Coloradans agreed to make education a priority, and approved Amendment 23. Yet, just 15 years later, other provisions in the constitution still demand cuts in education, despite our recent economic success. The state has cut nearly $1 billion per year from schools below the minimum requirements approved by voters, and Colorado ranks 43rd among states for per pupil spending, according to Education Week.

This means our kids have fewer opportunities than students in other states. Many Colorado students don’t receive individual attention, don’t receive regular feedback on their work, don’t have access to technology and, in some districts, can’t take basic courses like physics because it isn’t offered.

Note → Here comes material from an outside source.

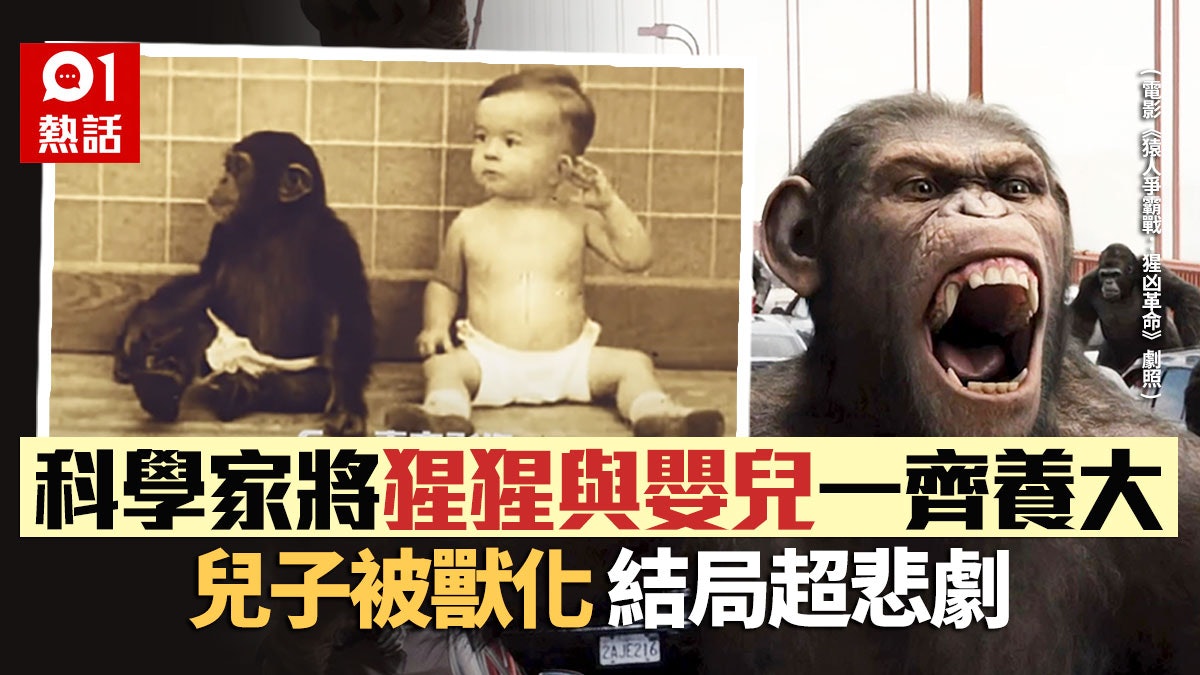 猿人爭霸戰 現實版 學者教猩猩與人類生活結果禍延兒子一生 香港01 熱爆話題 猿人爭霸戰 現實版 學者教猩猩與人類生活結果禍延兒子一生 香港01 熱爆話題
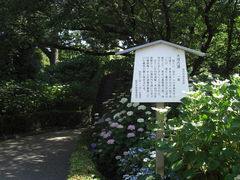 �߂��ڂڂ���̑�ˌÕ��ւ̓��e�ʐ^1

These gaps are most pronounced in poor and rural areas that depend more heavily on state funding for their schools. Parents are paying higher fees, and many people are donating unprecedented sums to public schools, but this only exacerbates inequities across Colorado.

I wrote Amendment 23 so all of Colorado’s children could have the best chance to succeed. I want our public schools to mirror the innovation, vitality and creativity of our state’s economy. I want schools that enable kids to be innovators, leaders, thinkers and doers. And I want every student to have a chance to attend college, technical or professional programs so they can advance their skills and build our economy. Today, less than three out of 10 kids who grow up in Colorado graduates from college. We can do so much better.

Let’s work together to fix Colorado’s constitution so our schools lead the nation, instead of falling further behind. We need a constitution that allows us to restore funding to our classrooms and make critical investments in education when times are good, along with the flexibility to make cuts in all areas of the budget, including education, when the economy turns down. Colorado has always looked ahead and taken bold steps to define a better future. We should do the same now. Our kids and all of Colorado deserve better.

Cary Kennedy is Denver’s chief financial officer and deputy mayor. She was a co-proponent of Amendment 23 and served as Colorado treasurer from 2007 to 2011.